Truly impressed. I’d say this is actually really close to a more classic stout than some weird, crazy, new world bizarreness. The base here is a really great roasty, ashy, smokey stout, with a solid-but-appropriate bitterness that lingers but is generally smooth. Tiny caramel element in there, but nothing overt. I reckon this is perfect balance for a stout - a somewhat extreme style in the first place. Recipe please!


----------



## technobabble66 (12/11/16)

*22 - Wiggdude, Patersbier*

*Appearance*
Very pale. Pale straw colour. Not quite transparent.
Slight tight head. Fades fairly quickly.
Moderate fine lacing.

*Aroma*
Mild fruitiness, maybe a banana element - actually reminds me a little of my PoR aussie ale. Clovey spice pokes through surreptitiously, maybe with a little kidney jab of white pepper. Honey element.

*Flava*
Full body, mild bitterness to balance the not-quite-dry-not-quite-sweet malt flava. Honey & fruity flavour. Carbonation is bang on for the body/style. Great example of the good things wheat brings to the table - that wheaty tang that has set off the yeasty elements (i assume). Slight lingering sweetness with the mild bitterness.

*Overall*
OK, i can now see why there’s been all the hype around this.
I’d assumed Wiggdude had been currying favours with the previous reviewers, but i can see he’s definitely not needed to. This is clearly a stand out - which is certainly saying something considering milds almost always struggle against the higher ABVs.
I’m really surprised with how good this is - especially considering i’m not a big fan of wheat beers, and struggle to find good milds. FWIW, i’ve just had this after a really good stout (commercial - Watts River Brewery, check it out); and it still stacks up really well. Excellent balance of elements - dryness, bitterness, wheat elements, malt elements. Plus perfect full body. Truly impressive beer. Could easily drink this all day long. Genuinely impressed. Big ups, dude. Again, recipe please!


----------



## technobabble66 (12/11/16)

The latest, tonight:

*15 - Micbrew, ESB?*

*App*
Deep dark red, slightly cloudy.
Big head, reasonably tight.
hops debris in the glass.

*Aroma*
Mild spicy, floral. 
Slight caramel element

*Flava*
Nice and smooth. Medium dry. Nice balance with the bitterness & sweet/dry elements. Probably not as solidly bitter as some ESBs i’ve had, but the bitterness also lingers nicely - overall it makes this a bit more sessionable.
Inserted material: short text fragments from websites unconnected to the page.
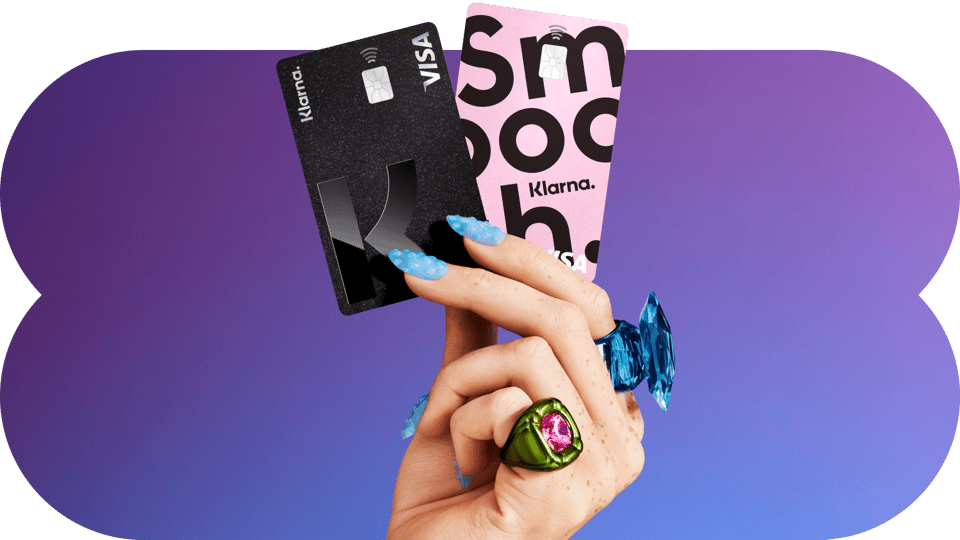 A woman's hand with bright blue finger nails and very large rings holds two credit cards, one black and one pick with large black lettering, for the company Klarna.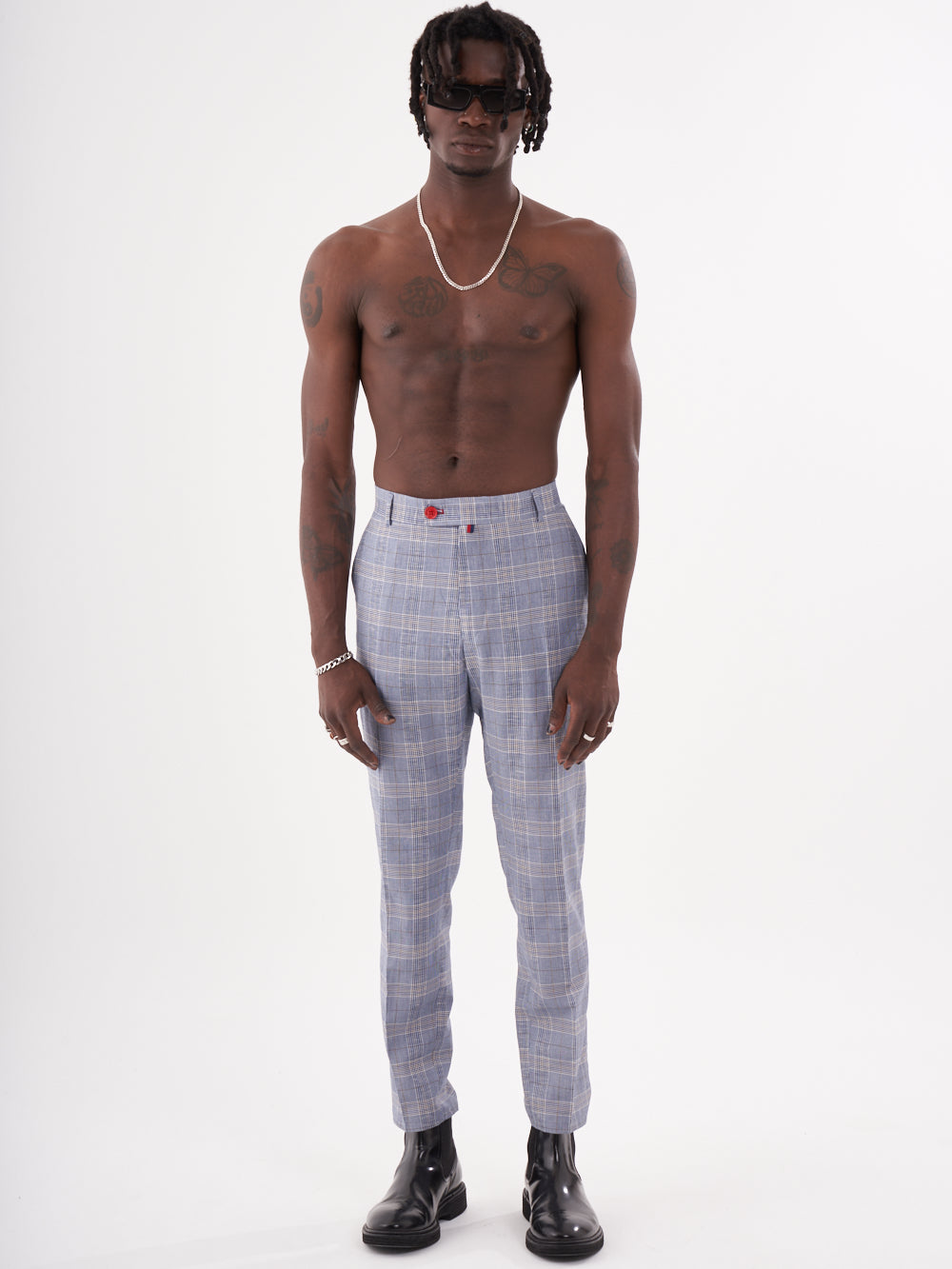 A man with no shirt and Moraine pants is standing in front of a white background.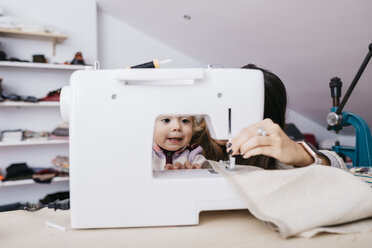 Little daughter watching her mother using sewing machine at home - JRFF02085
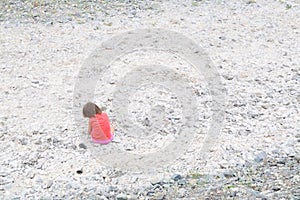 Child sitting in dried river bed in Middle Asia Kazakhstan among the white stones lonely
Reasonably full mouthfeel.
Definitely overcarbed, and the hops debris is helping bring it out.

*Overall*
Definitely grows on me (reeeeally loved it, actually, by the time i finished it!). I’m afraid my taste/nose is somewhat on the blink - i couldn’t get much distinct aroma nor flavour from this, just subtle elements. Having said that, this is a great sessionable English-style Bitter: moderate smooth bitterness that lingers nicely, mild spiciness, with maybe a tiny caramel or malt in there. If the carb was a bit lower, i think this would be an excellent English Bitter. Would love to see the recipe, as part of my growing fondness for English style beers - particularly the yeast & hops used.

By the time i'd finished this, i was a maaaaaassive fan. Great beer, Mick!


----------



## technobabble66 (12/11/16)

Very Latest:

*18 - Curly79, blah blah Stout.*

*App*
First of all, i hate you - beer went everywhere! :blink:
About a 1/2 second before beer started spurting on to everything. Unfortunately, the obvious option of just re-sealing the bottle didn’t occur to me, so 5 mins of cleaning up interrupted the review. :lol:
Totally jet black.
Head has collapsed slowly to be tiny.

*Aroma*
Roasty ashy aroma. Bit of earthy chocolate in there.

*Flava*
Solid earthiness. Mild smooth bitterness. Full mouthfeel. Neutral finish - neither sweet nor dry. Slight slickness - oats? Slight alcohol warmth. Carb has died down to a good level by the time i got to this, so i’m assuming its well over-done, but is good (low) later on. Maybe the tiniest hint of rum in there - honestly only picking because it’s in the name though. It sort of combines with other elements to highlight the earthy element. I’d point out that’s definitely a good thing. Some chocolate element in there somewhere. 

*Overall*
Excellent stout - fantastic example of an “Earthy” stout, IMO. 
All the various elements work really well in this (bitterness, sweet/dry, etc). 
Not sure if you intended it, but a strong “earthiness” really stands out for me. I’m guessing the rum and the chocolate you’ve intended to smack me in the face actually seem to sit in the background … BUT work well to strongly enhance the “earthy” element.
A slight sweetness maybe helps bring the chocolate element out a little in the late flavour.
Obviously, i’m very keen to see the recipe for this! I’m guessing some oats in there, but i’m curious as to the hops (fuggles? or something else?).
Maybe down the carb a little next time! (muthafucka! B) )
Perfect for watching HP master the Basilisk, though not nearly enough alcohol content to abide Titanic. I’m not sure if that’s possible in a beer, though, so you’re definitely forgiven!


----------



## mofox1 (12/11/16)

technobabble66 said:


> *8 - Mofox, ICBM Stout*
> 
> *App*
> Jet black, though transparent.
> ...


Haha. Stronger than initially intended. Planned for 1.060, got 1.067. Went down to 1.014 so around the 7 - 7.5 mark.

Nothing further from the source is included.